Convirá recordar a actuação destes avalistas da guerra no
próximo 20 de Março, durante a Jornada Internacional contra a
ocupação, em solidariedade com o Iraque e a Palestina, nas
manifestações convocadas em todo o mundo.
Enquanto os oito presidentes subscreviam, faz agora um ano, essa carta
repugnante, obra prima da impostura e da infâmia, os cúpidos
generais do Pentágono já preparavam a matança, e eles
sabiam. Os atilados personagens que estudavam os objectivos militares, estavam
também a seleccionar povoações iraquianas,
estações de tratamento de água, bairros de Bagdad e de
Basora, para bombardear a população civil e semear o
pânico. Essa suja guerra do Iraque, que continua, foi iniciada por um
presidente e por um primeiro ministro dois criminosos de guerra ,
avalizados por oito falsários. Nenhum responderá pelos milhares
de mortos?
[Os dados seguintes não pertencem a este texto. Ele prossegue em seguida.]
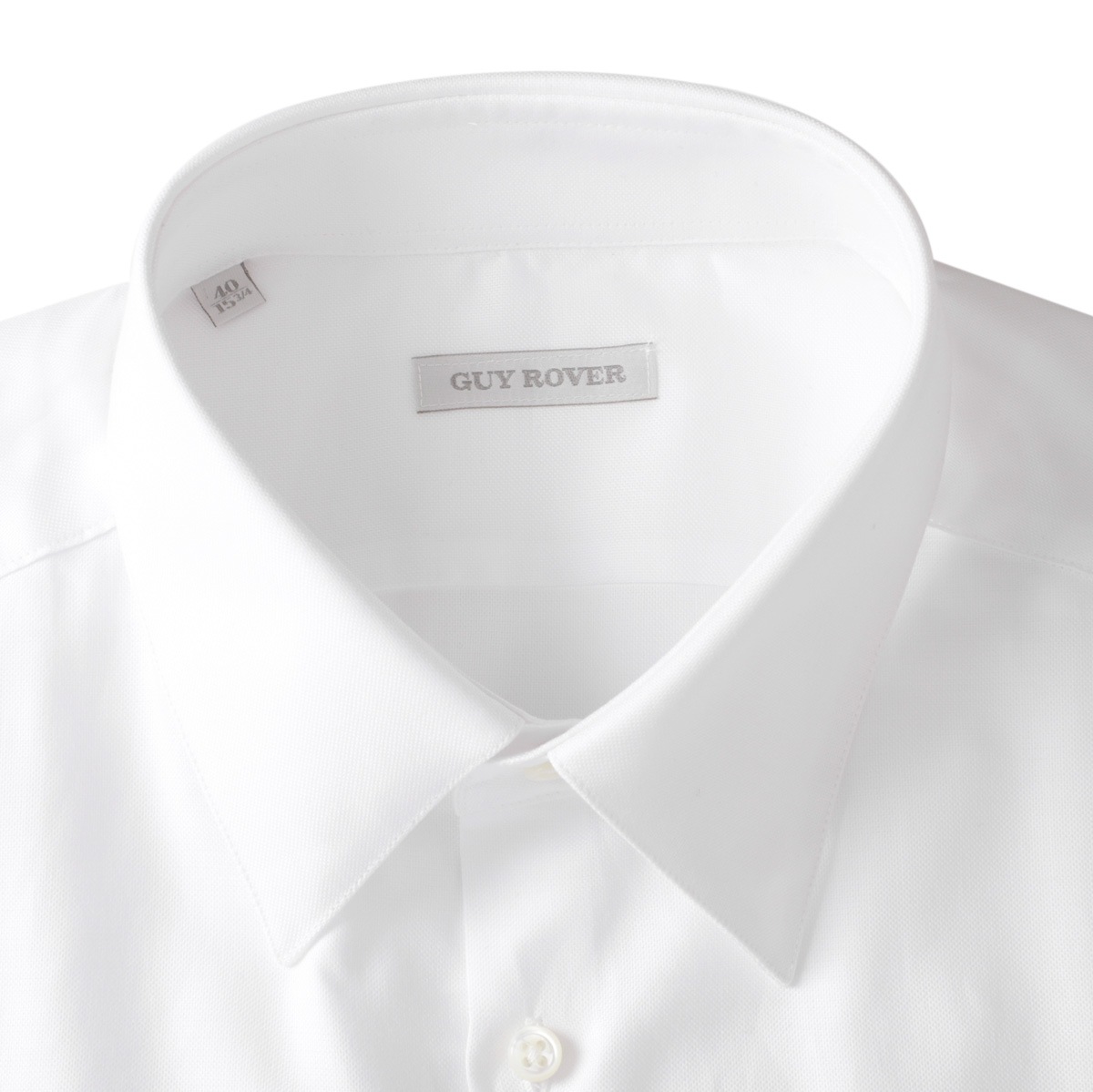GUY ROVER ギローバー 長袖レギュラーカラーシャツ/オックスフォードシャツ/CLASSIC メンズ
Agora, enquanto prossegue o horror e a ocupação no
Iraque, e enquanto se exige que a detenção de Sadam Hussein
culmine perante um tribunal, a opinião pública e as
organizações de direitos humanos de todo o mundo deveriam exigir,
por difícil que seja, que os oito falsários e os dois criminosos
de guerra prestem também conta dos seus actos perante o Tribunal Penal
Internacional de Haia.
07/Mar/04
O original encontra-se em
http://www.rebelion.org/imperio/040307polo.htm.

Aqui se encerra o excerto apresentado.